The rate of infection in the 2 higher prednisolone dose groups (5.1-7.5mg and 7.6-15mg daily) was compared to incidence within the 0-2.5mg daily group. Age, sex, and concurrent immunosuppression were used as covariates. The adjusted hazard ratio was shown to be significantly higher in the higher dosage groups (Adjusted HR 6.80 and 7.68, 95% CI 2.15-21.27 and 2.37-24.85 respectively). Non statistically significant increases in infection rates were observed in the lower (2.6-5mg daily) prednisolone dose group.

This study addressed some of the methodological weaknesses of previous work by adjusting for key covariates within the analysis. However, it does suffer from a lack of ethnic diversity within the cohort which may limit its global generalisability. Additionally, the authors note that they were unable to adjust for hydroxychloroquine (HCQ) treatment within their analysis. This was due to the generally low rates of hydroxychloroquine prescription within this cohort (17.1%), significantly lower than equivalent cohorts in the US/Europe. The authors noted the association between HCQ treatment and lower infection rates in previous work.4 They, therefore, performed a sensitivity analysis comparing HCQ and non-HCQ treated patients, which yielded comparable results to their primary analysis.

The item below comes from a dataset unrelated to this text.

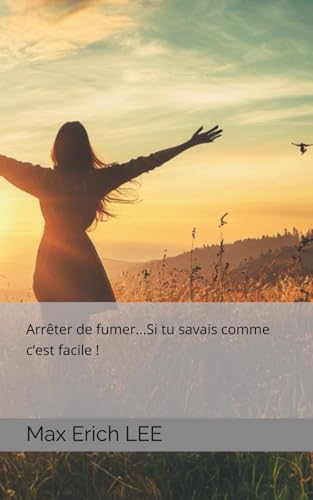 Arrêter de fumer…Si tu savais comme c’est facile ! von Independently published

Despite these weaknesses, this study provides much-needed clarity on the effects of low-dose steroid therapy on a key adverse event in SLE, infections requiring hospitalization. The Lupus Low Disease Activity State (LLDAS) requires a daily dose of prednisolone ≤7.5mg. This represents an achievable goal for clinicians but perhaps should not represent an end goal. These data suggest that infection remains a serious concern in these lower steroid burden patients. Previous work by Professor Petri has shown the association between corticosteroid use and solid organ damage accrual in SLE which persists even after adjustment for disease activity.5 Therefore, we should perhaps consider any degree of long-term steroid therapy in non-renal SLE an unhappy union from which we should try to extricate our patients wherever feasible. This will not however be an easy divorce, and in the future, we may have to utilize our expanding therapeutic complement to make this possible.

References:

1. Sawah S Al, Zhang X, Zhu B, Magder LS, Foster SA, Iikuni N, et al. Effect of corticosteroid use by dose on the risk of developing organ damage over time in systemic lupus erythematosus—the Hopkins Lupus Cohort. Lupus Sci Med [Internet]. 2015 Jun 1 [cited 2022 Sep 11];2(1):66. Available from: /pmc/articles/PMC4378372/

2. Banerjee S, Biehl A, Ghaderi-Yeganeh M, Manna Z, Hasni S. Low incidence of opportunistic Infections in Lupus Patients treated with Cyclophosphamide and Steroids in a Tertiary care setting. Med Res Arch [Internet]. 2017 [cited 2022 Sep 11];5(3). Available from: /pmc/articles/PMC5737929/

3. Abe K, Ishikawa Y, Kita Y, Yajima N, Inoue E, Sada K, et al. Association of low-dose glucocorticoid use and infection occurrence in systemic lupus erythematosus patients: a prospective cohort study. Arthritis Res Ther [Internet]. 2022 Dec 28 [cited 2022 Aug 12];24(1):179. Available from: https://pubmed.ncbi.nlm.nih.gov/35902976/

4. Dima A, Jurcut C, Chasset F, Felten R, Arnaud L. Hydroxychloroquine in systemic lupus erythematosus: overview of current knowledge. Ther Adv Musculoskelet Dis [Internet]. 2022 Feb 1 [cited 2022 Sep 11];14. Available from: /pmc/articles/PMC8848057/

5. Petri M, Purvey S, Fang H, Magder LS. Predictors of organ damage in systemic lupus erythematosus: The Hopkins Lupus Cohort. Arthritis Rheum. 2012 Dec;64(12):4021–8.